Fourth generation producer Cam Gardner says choice of party based largely on admiration for Premier Rachel Notley
Cam Gardner is a self-described unicorn.
As a fourth-generation southern Alberta rancher in a region that has elected right-of-centre candidates for 50 years, he is running as the NDP candidate for Livingstone Macleod in the provincial election.
It makes him a rarity.
The constituency stretches from north of High River, west to the British Columbia border and south to the United States border, an area of about 3.5 million acres, most of it farm and ranch land.
Gardner’s Bluebird Valley Ranch sits in the middle of the northern third, amid picture-postcard-pretty property west of Nanton.
“Do the right thing, not the Right thing,” quips Gardner, acknowledging the usual direction of local politics.
If he has surprised his friends and neighbours with his choice of political party, Gardner isn’t inclined to say so.
“Ranchers’ wives frankly like (Alberta NDP premier) Rachel Notley and many, many, many, very, very, very conservative friends of mine stare at their boots and admit that they like Rachel. They think she is trying to do the right thing and Jason (Kenney, leader of the United Conservative Party) isn’t as trustworthy.
“I firmly believe that if Rachel Notley was a conservative male running this government, that we would all be talking about the best conservative government in a generation or two.”
Protection of public lands and developing a system that pays landowners for carbon sequestration are the projects nearest to his heart, said Gardner in a March 22 interview. He has been working for years on both issues as a rancher and as a councillor and reeve with the Municipal District of Ranchland.
“I’ve been fighting for a framework to allow farmers and ranchers to participate in that market, to get paid directly from big emitters and store the carbon in their own farmland where it will do good,” he said.

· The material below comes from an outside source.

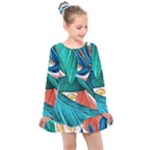 Leaves-3923413 Kids  Long Sleeve Dress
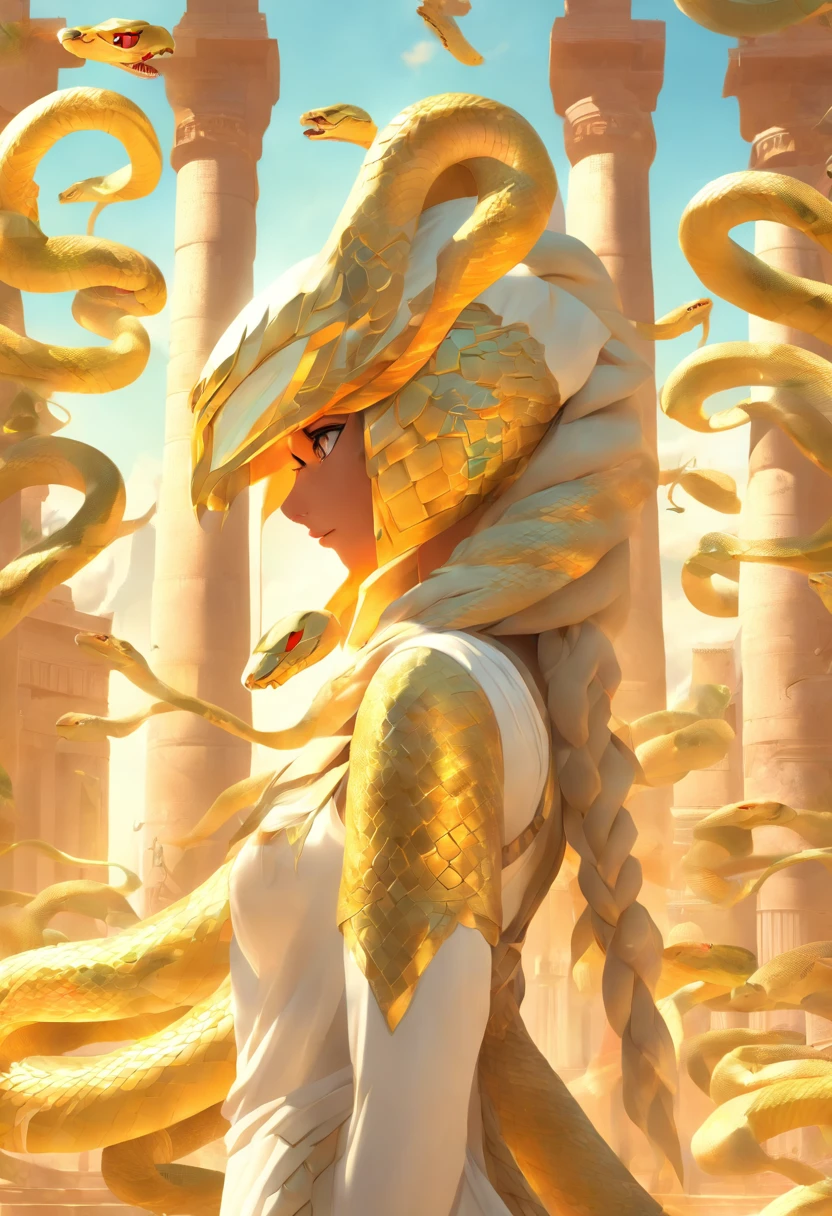 (((Woman's body and snake helmet))) best quality, very high resolution, 4K detailed CG, masterpiece, Egyptian mythology, Renenutet, sun in the background, Ancient Egypt, standing pose, snake helmet, white clothes , Egyptian clothing , Egyptian temple, desert, Ancient Egypt, ((snake helmet)), Egyptian palace, aesthetics, beautiful image, centered on screen, standing pose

“I’ve been working on it for 10 years now, and I believe the environment minister is ready to move on this. Actually, I know she is.”
A system for ecosystem services payments to farmers and ranchers would generate millions of dollars, he said, and would allow them to support services and infrastructure in Alberta’s small towns, preserving them in the process.
Gardner said his choice of party resulted in large part from his admiration for Notley’s leadership and her government’s approach to difficult issues, among them passage of the Enhanced Protection for Farm and Ranch Workers Act, better known as Bill 6.
That legislation caused widespread protest from farmers in the early days of the NDP government. Gardner said it has provided important protection for farm workers.
He said he also respects the NDP for implementing the carbon tax as a response to help mitigate climate change. Carbon taxes might protect Canada from tariffs on domestic goods that could be imposed by other countries that have taken their own measures to respond to climate change, he said.
“The amount of work that this government has got done is absolutely staggering and any time you’re doing that much change, there’s going to be feathers ruffled,” said Gardner.
He’s also worried about the potential sale of public lands proposed by the UCP as a way to reduce public debt. Gardner said many ranchers make use of public land and are good stewards as a result. Sale of that land leaves it open to abuse, said Gardner.
The NDP candidate is running against UCP candidate Roger Reid, a businessman who owns two Tim Hortons franchises. Other candidates in the riding are Tim Meech of the Alberta Party, Dylin Hauser of the Liberal party and Vern Sparks, running as an independent.